# Intent classification with regex I

You'll begin by implementing a very simple technique to recognize intents - looking for the presence of keywords.

A dictionary, keywords, has already been defined. It has the intents "greet", "goodbye", and "thankyou" as keys, and lists of keywords as the corresponding values. For example, keywords["greet"] is set to "["hello","hi","hey"].

Also defined is a second dictionary, responses, indicating how the bot should respond to each of these intents. It also has a default response with the key "default".

The function send_message(), along with the bot and user templates, have also already been defined. Your job in this exercise is to create a dictionary with the intents as keys and regex objects as values.

In [1]:
import re

keywords = {'greet': ['hello', 'hi', 'hey'], 'goodbye': ['bye', 'farewell'], 'thankyou': ['thank', 'thx']}

# Define a dictionary of patterns
patterns = {}

# Iterate over the keywords dictionary
for intent, keys in keywords.items():
    # Create regular expressions and compile them into pattern objects
    patterns[intent] = re.compile('|'.join(keys))
    
# Print the patterns
print(patterns)

{'greet': re.compile('hello|hi|hey'), 'goodbye': re.compile('bye|farewell'), 'thankyou': re.compile('thank|thx')}


# Intent classification with regex II

With your patterns dictionary created, it's now time to define a function to find the intent of a message.

In [2]:
user_template = 'USER : {0}'
bot_template = 'BOT : {0}'

responses = {'greet': 'Hello you! :)', 'goodbye': 'goodbye for now', 'thankyou': 'you are very welcome', 'default': 'default message'}
    
def send_message(message):
    print(user_template.format(message))
    response = respond(message)
    print(bot_template.format(response))

# Define a function to find the intent of a message
def match_intent(message):
    matched_intent = None
    for intent, pattern in patterns.items():
        # Check if the pattern occurs in the message 
        if re.search(pattern, message):
            matched_intent = intent
    return matched_intent

# Define a respond function
def respond(message):
    # Call the match_intent function
    intent = match_intent(message)
    # Fall back to the default response
    key = "default"
    if intent in responses:
        key = intent
    return responses[key]

# Send messages
send_message("hello!")
send_message("bye byeee")
send_message("thanks very much!")

USER : hello!
BOT : Hello you! :)
USER : bye byeee
BOT : goodbye for now
USER : thanks very much!
BOT : you are very welcome


# Entity extraction with regex

Now you'll use another simple method, this time for finding a person's name in a sentence, such as "hello, my name is David Copperfield".

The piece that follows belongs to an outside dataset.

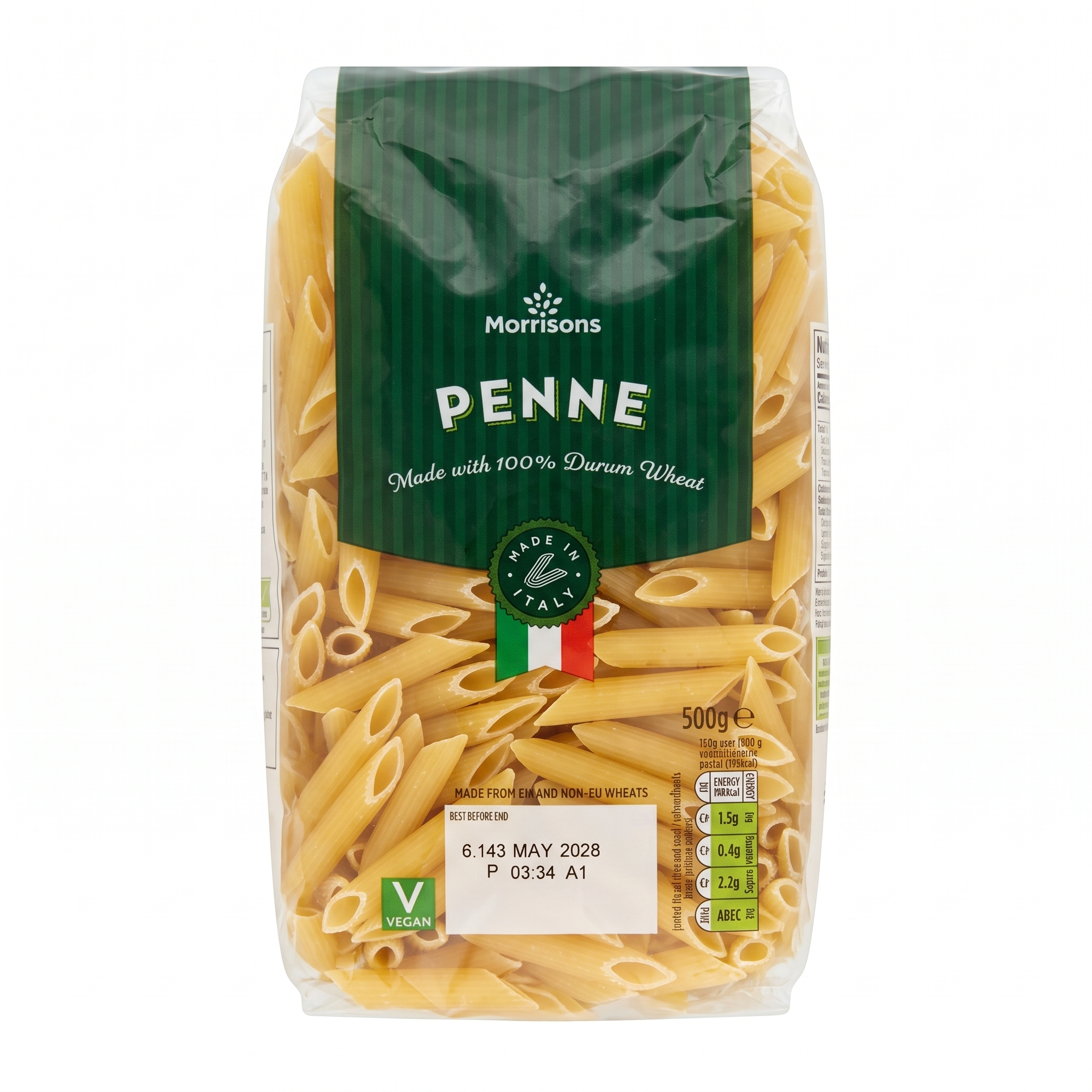 Morrisons Penne pasta (500g)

You'll look for the keywords "name" or "call(ed)", and find capitalized words using regex and assume those are names. Your job in this exercise is to define a find_name() function to do this.

In [3]:
# Define find_name()
def find_name(message):
    name = None
    # Create a pattern for checking if the keywords occur
    name_keyword = re.compile('(name|call)')
    # Create a pattern for finding capitalized words
    name_pattern = re.compile('[A-Z]{1}[a-z]*')
    if name_keyword.search(message):
        # Get the matching words in the string
        name_words = name_pattern.findall(message)
        if len(name_words) > 0:
            # Return the name if the keywords are present
            name = ' '.join(name_words)
    return name

# Define respond()
def respond(message):
    # Find the name
    name = find_name(message)
    if name is None:
        return "Hi there!"
    else:
        return "Hello, {0}!".format(name)

# Send messages
send_message("my name is David Copperfield")
send_message("call me Ishmael")
send_message("People call me Cassandra")

USER : my name is David Copperfield
BOT : Hello, David Copperfield!
USER : call me Ishmael
BOT : Hello, Ishmael!
USER : People call me Cassandra
BOT : Hello, People Cassandra!


# word vectors with spaCy

In this exercise you'll get your first experience with word vectors! You're going to use the ATIS dataset, which contains thousands of sentences from real people interacting with a flight booking system.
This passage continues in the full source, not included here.